Not necessarily relevant either, but, to sort of package chunks of files for 
use on windows, I use py2exe, and include data_files to combine in/under /dist 
folder.

Stay well

Jacob Kruger
Blind Biker
Skype: BlindZA
'...fate had broken his body, but not his spirit...'

  ----- Original Message ----- 
  From: matatk 
  To: [email protected] 
  Cc: [email protected] 
  Sent: Wednesday, June 05, 2013 11:21 PM
  Subject: [AGRIP] Re: Python script for windows


  Note for all readers: this email is about development; when there is an 
official Windows version of the game, none of the steps below will be required; 
it will "just work" as they say (we hope!)


  I've just tried the following to get the python script running on Windows and 
it seems to be working -- though I've not yet complied the engine to test the 
TTS for sure.  I reckon that'll need a bit of work but this is a start...


  1. Get python 2.7 from <http://www.python.org/download/>.
  2. Get pywin for that version of python from 
<http://sourceforge.net/projects/pywin32/files/pywin32/>.
  3. Get the PyGUI package from 
<http://www.cosc.canterbury.ac.nz/greg.ewing/python_gui/> and extract it; move 
the GUI directory to same directory as the script.
  4. Get the pyttsx package from <https://pypi.python.org/pypi/pyttsx> and 
extract it; move the pyttsx directory to same directory as the sript.

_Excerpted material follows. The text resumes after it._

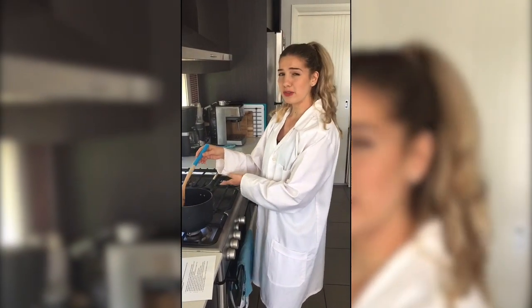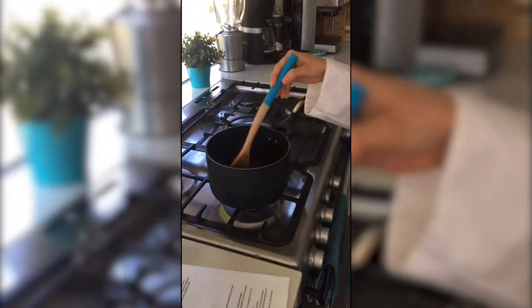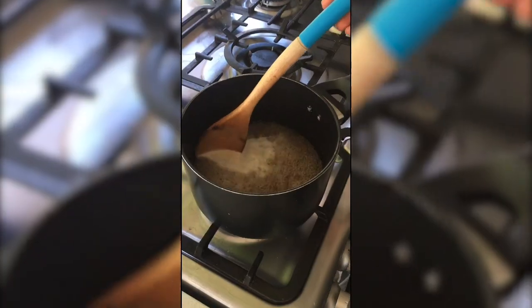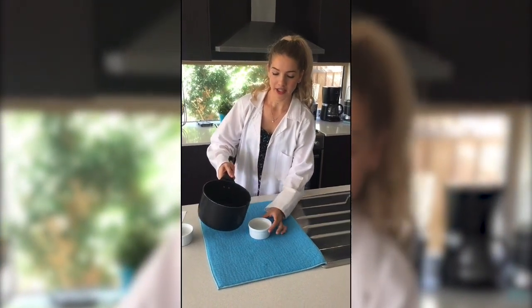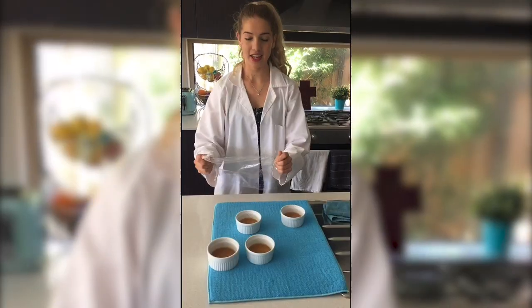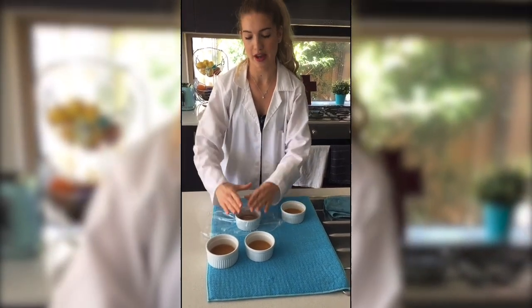Heat the saucepan on medium to low heat while continuously stirring. Heat until it boils and then let cool for 3 to 5 minutes. Pour the mixture into a petri dish, filling it up one third.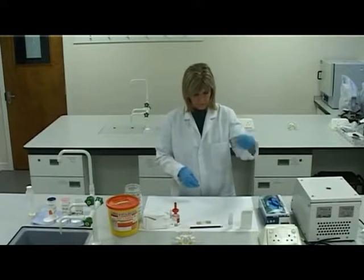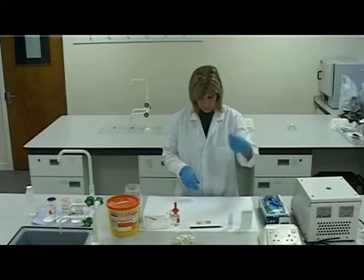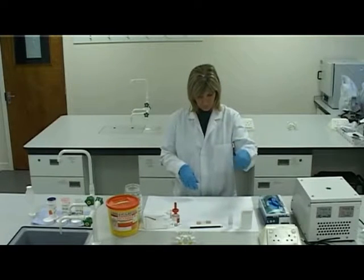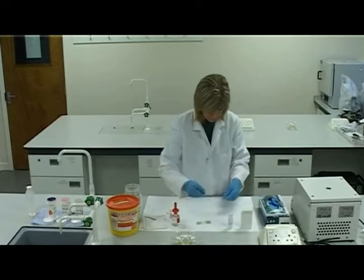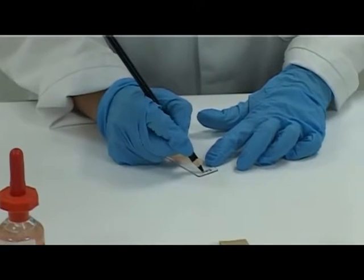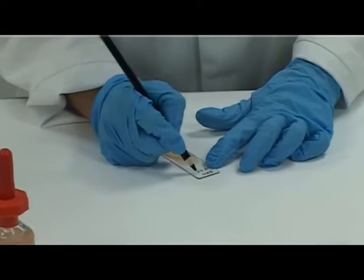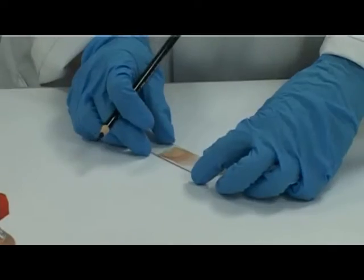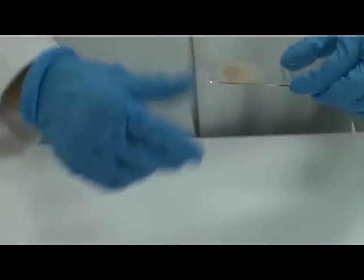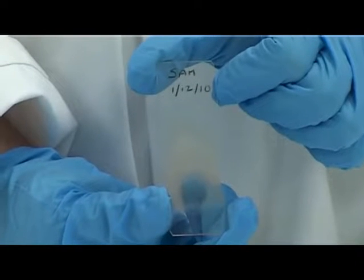Rapidly air dry the slide. Label the slide with the date and patient identification. Ensure the smear produced is of reasonable diagnostic quality, that an EDTA sample was used, and that the smear has an edge and a tail.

  I used 7-zip from <http://www.7-zip.org/> to do the extracting of the .tar.gz 
files.


  There is an error in the PyGUI file win32/ButtonBases.py; as a mailing list 
message I found [1] points out: it should have this line before any other code:
  from GUI.GControls import Control as GControl


  At this point you will be able to run the launcher script on Windows but it 
won't work properly because the game and other files are not in the expected 
places, however this is a good start.  I am now working on compiling the engine 
on Windows.  When that's done I can see about how well the TTS works.


  It would be really helpful to have a build script that puts all the files in 
the right place for the Windows release, much as we have now for OS X (although 
I don't think the script could download things automatically on Windows as I 
don't think there is a built-in command to do that).  I could probably quite 
quickly knock up such a thing in shell scripting language on OS X, which could 
generate a .zip file or similar to send over to Windows and use as the basis 
for building a release, but that would mean that to make a Windows release we'd 
need someone to run a script on UNIX first.  It might be best for me to move 
the files to a less platform-specific place in the repository and then tweak my 
OS X scripts to make the application bundle, and write a batch file on Windows 
to do the same sort of thing on the Windows side.